There I go again, intellectually justifying the thing I know down to the core to be true. I need to NOT DO. I need to take a break, trust that the world will live without me for a while.
I mean, I'm still me. I'm not going to be sitting on my arse eating bonbons – I do have a number of things lined up for fall, but a) they're fun, and b) I think I've scheduled them with a more realistic grasp of my place in the space-time continuum (we'll see). I may need some subtle and not-so-subtle reminders that I'm giving myself a break. That's why I'm putting this here – so y'all can bookmark it and hit me over the head with it when it becomes necessary. I'm counting on you. (Be gentle.)
The duration for a sabbatical is typically one year.

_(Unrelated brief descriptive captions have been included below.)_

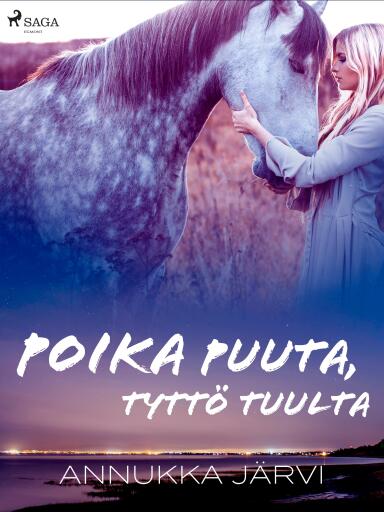 Portada del libro «Poika puuta, tyttö tuulta», de Annukka Järvi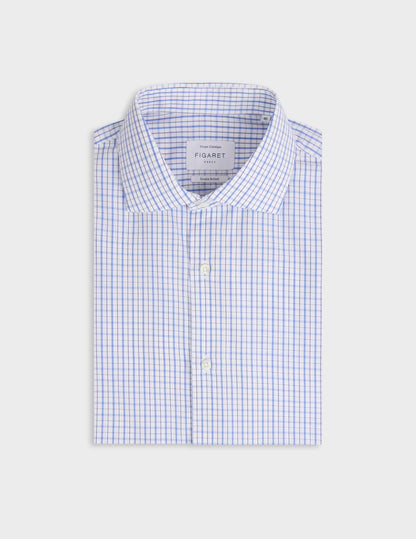 Classic blue striped shirt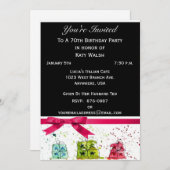 70. Geburtstags-Party-personalisierte Einladung (Vorne/Hinten)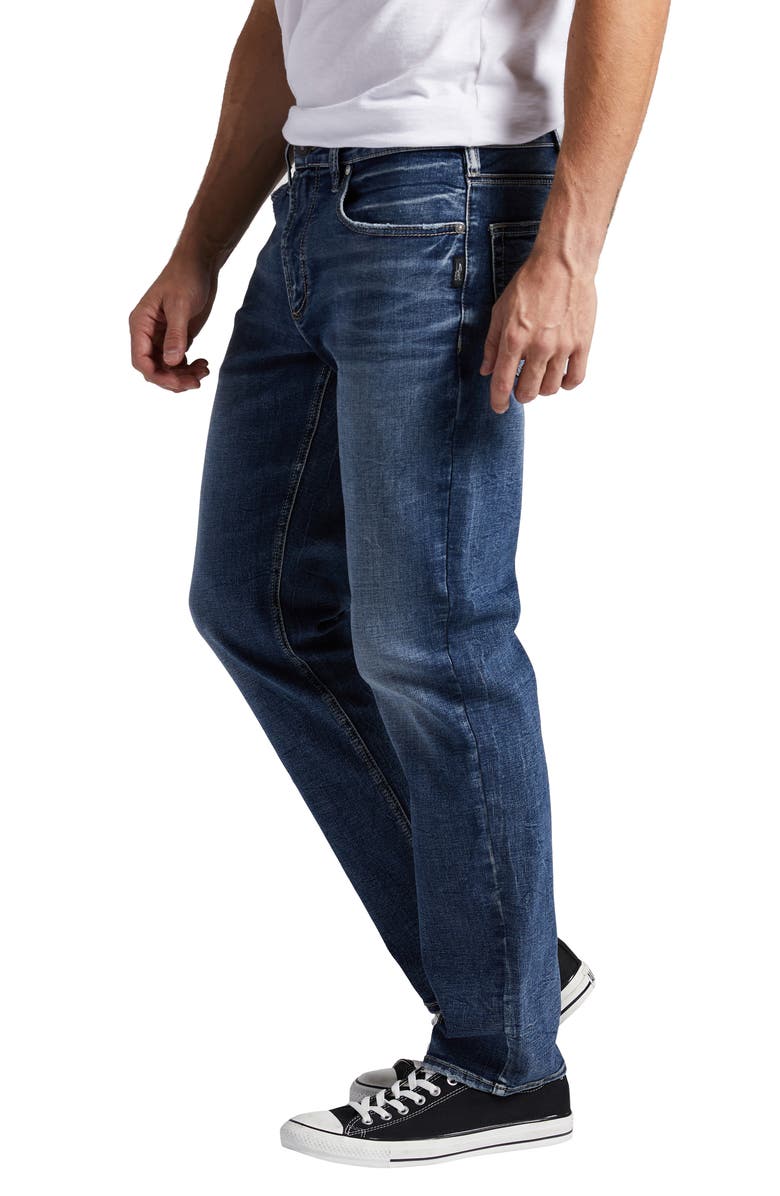 Silver Jeans Co. Eddie Athletic Fit Tapered Jeans, Alternate, color, 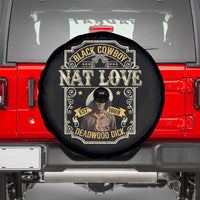 Black Cowboy Nat Love Spare Tire Cover Deadwood Dick African American Cowboy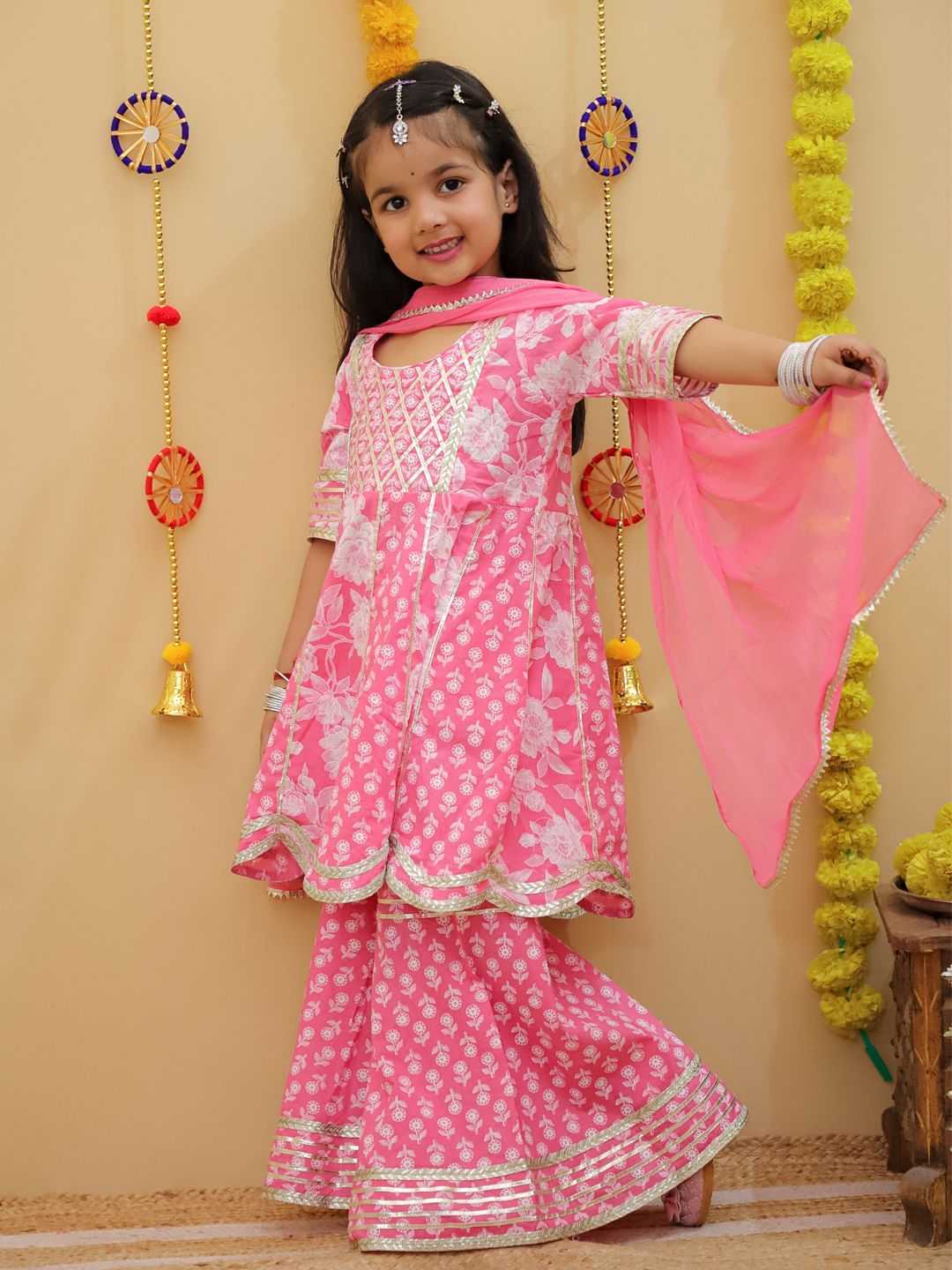 Stylish Kurti Sharara and Duppata Set | Premium Cotton Dress | Summer Special Dress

Okay, THAT LONG a commitment kinda freaks me out right now. I've promised myself six months – extension open to negotiation. No expectations. Six months of exploring where the muses take me. No novel, show, or album is expected, just exploration and play.
So the next time my lungs reach up into my sinuses when someone asks me "what's your next project?", I will shrug and – instead of writing a 40-page essay (oh, Alyssa...) – say "nothing, I'm on Sabbatical!"
It's in writing now. On the internet. So it MUST be true. ?
And now it's stopped raining, so the dogs and I are going to sit on the patio and look for northern lights. What more could you want from me?